Developing Human In Vitro Systems
“Even though the ultimate effect of a drug may be toxicity to a certain organ, there are internal organ intra-actions going on. Almost all compounds are metabolized by the liver; the lack of hepatic metabolism has been one of the major barriers that in vitro systems have needed to overcome to replace in vivo animal testing.
If you tested a drug only on one type of cell, such as kidney, neuron, or heart cells, which do not metabolize drugs well in the absence of the liver, then it is possible to either overstate or understate toxicity. We need to be able to test new chemical entities in a physiologically relevant human in vitro system to provide a much clearer picture on human drug toxicity, with the inclusion of hepatic metabolism as one of the key components,” explained Albert Li, president and CEO, APSciences and In Vitro ADMET Laboratories.
The patented Integrated Discrete Multiple Organ Culture plate (IdMOC™) provides a method to model in vivo multiple-organ interaction in vitro. The standard-sized plate consists of multiple inner wells within a larger interconnecting chamber. Multiple cell types are individually cultured in the inner wells as physically separated, discrete entities, and the chamber is filled and integrated with a single, universal medium, flooding the wells and allowing well-to-well communication by diffusion.
A basic assay established proof of concept that exposure to hepatocytes is necessary for correct quantification of drug metabolism. Hepatocytes and reporter cells, cells without strong metabolism capabilities such as 3T3 cells, were co-cultured in different wells and exposed to cyclophosamide, which is only toxic after metabolism. As more wells of hepatocytes were added to the IdMOC plate, toxicity increased, demonstrating that toxicity was dependent on the amount of hepatic metabolism.
Metabolism-dependent immunotoxicity was also shown using cyclophosphamide, which was found to be relatively noncytotoxic to splenocytes but was cytotoxic to splenocytes in the presence of hepatocytes.
Assembling the Human Liver on a Chip
“To date, there is no in vitro system that simulates the liver’s complexity from in vivo sinusoid-like structures to perfusion-mimicking physiologic conditions of the blood flow within the sinusoidal network. With the expectation that culturing hepatocytes under in vivo-like conditions will result in in vivo-like cell functionality, and resultant response to drug stimuli, we established the HepaChip® concept, a liver-cell culturing approach that combines a plug-and-play microfluidic device with liver-like artificial sinusoids,” explained Jan Böttger, University of Leipzig.

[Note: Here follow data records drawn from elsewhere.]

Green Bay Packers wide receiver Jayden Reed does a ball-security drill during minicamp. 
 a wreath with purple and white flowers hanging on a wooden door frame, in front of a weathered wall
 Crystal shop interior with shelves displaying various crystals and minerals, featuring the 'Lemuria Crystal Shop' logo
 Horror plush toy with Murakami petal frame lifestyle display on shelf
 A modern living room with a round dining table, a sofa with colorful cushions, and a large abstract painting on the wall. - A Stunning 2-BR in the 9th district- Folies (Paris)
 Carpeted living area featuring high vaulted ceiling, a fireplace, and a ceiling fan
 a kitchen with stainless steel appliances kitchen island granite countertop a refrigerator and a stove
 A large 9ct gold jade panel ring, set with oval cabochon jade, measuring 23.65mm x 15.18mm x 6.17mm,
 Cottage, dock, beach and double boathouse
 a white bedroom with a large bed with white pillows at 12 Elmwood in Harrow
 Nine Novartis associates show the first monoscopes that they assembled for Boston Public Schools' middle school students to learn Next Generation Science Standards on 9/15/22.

The microscope-slide-sized HepaChip features a system of branching microchannels and cell culture chambers with parallel cell-assembly ridges located in the middle of the chamber, approximately the dimensions of sinusoidal structures in the human liver. Built-in flow barriers reduce flow velocity and shear forces.
To create the artificial sinusoids, positive dielectrophoresis, via application of an AC electric field, directs hepatocytes and liver endothelial cells toward the assembly ridges. The surfaces of the cell chambers are modified to enable optimal cell adhesion that imitates the natural liver.
Proof of concept was shown using cryopreserved human hepatocytes and human liver endothelial cells and also with primary mouse hepatocytes and human liver endothelial cells. Slender lucid spaces between hepatocytes indicated the formation of bile canaliculi, an indicator of reestablished cell polarity, a function typically not well established in standard two-dimensional liver-cell cultures. HepaChip cultures also demonstrate improved liver-specific metabolic functions, in particular the secretion and biotransformation of albumin and urea by phase I cytochromes, P450 3A4 and 1A2, and phase II enzymes, UGT and SULT.